Standardized Tests? That is an obstacle? If it is, then they are doomed, because there will always be tests. (I like sriracha and if it is Vietnamese, God bless them.)


----------



## csi-tech (Apr 13, 2013)

Here is "Surfer" dude. He doesn't work, takes SNAP and other benefits from the Government, manages to eat lobster on your dime and refuses to work. When Sean Hannity offered him an 80K per year job he refused it saying he is happy with his lifestyle. He sings about robbing and stealing to support his preferred lifestyle.

This is why I insist that we created this monster. It's not about race. By providing too much for too long we take the will to work away from able bodied people. We give them an alternative to work and in the end create and fund their laziness and inflate their sense of entitlement. They end up content, overfed and feel as if they are owed the moon and stars.
When the benefits dwindle at the end of the month they commit crime to further their lifestyle. They fill our prisons creating our bloated prison population or they end up robbing somebody like us and getting their face blown off.

Welfare lobster-eating food stamp recipient refuses Sean Hannity?s $80,000 help | Examiner.com


----------



## Salt-N-Pepper (Aug 18, 2014)

Slippy said:


> EVERYBODY AIN'T EQUAL!


Truth. But everybody should have the chance to PROVE their place in the pecking order by the sweat of their brow, or the brains in their head.

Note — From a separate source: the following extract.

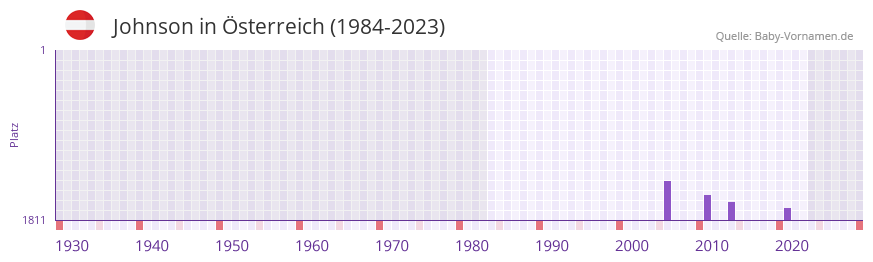 Johnson in der Vornamen-Hitliste von sterreich (1984-2023)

Opportunity should be equal, but results should be based on what we do with that opportunity. The problem with da gubbment is they want to make OUTCOMES equal no matter the amount of work and effort a person puts into it.

That's evil.


----------



## Slippy (Nov 14, 2013)

Salt-N-Pepper said:


> Truth. But everybody should have the chance to PROVE their place in the pecking order by the sweat of their brow, or the brains in their head.
> 
> Opportunity should be equal, but results should be based on what we do with that opportunity. The problem with da gubbment is they want to make OUTCOMES equal no matter the amount of work and effort a person puts into it.
> 
> That's evil.


Yes indeed Salty,

Whenever the government gets involved in the equalization of its "subjects"...evil things like slavery ensues.


----------



## Moonshinedave (Mar 28, 2013)

All M. L. King wanted was for his people to be treated as equals. Today, Many, not all wants more than equal. I honestly think MLK would be ashamed of many of his people today. There's absolutely no reason non white people today cannot succeed. 
When I watched the video I thought great more excuses for failure and a reason to blame everyone except themselves.


----------



## Mosinator762x54r (Nov 4, 2015)

MLK wanted ALL people to be treated equal. He took a lot of criticism from the militant African American contingents because of his notion that blacks, whites, yellows, greys, reds, and all other skin colors should be on the same level and not one over the other.



Moonshinedave said:


> All M. L. King wanted was for his people to be treated as equals. Today, Many, not all wants more than equal. I honestly think MLK would be ashamed of many of his people today. There's absolutely no reason non white people today cannot succeed.
> When I watched the video I thought great more excuses for failure and a reason to blame everyone except themselves.


----------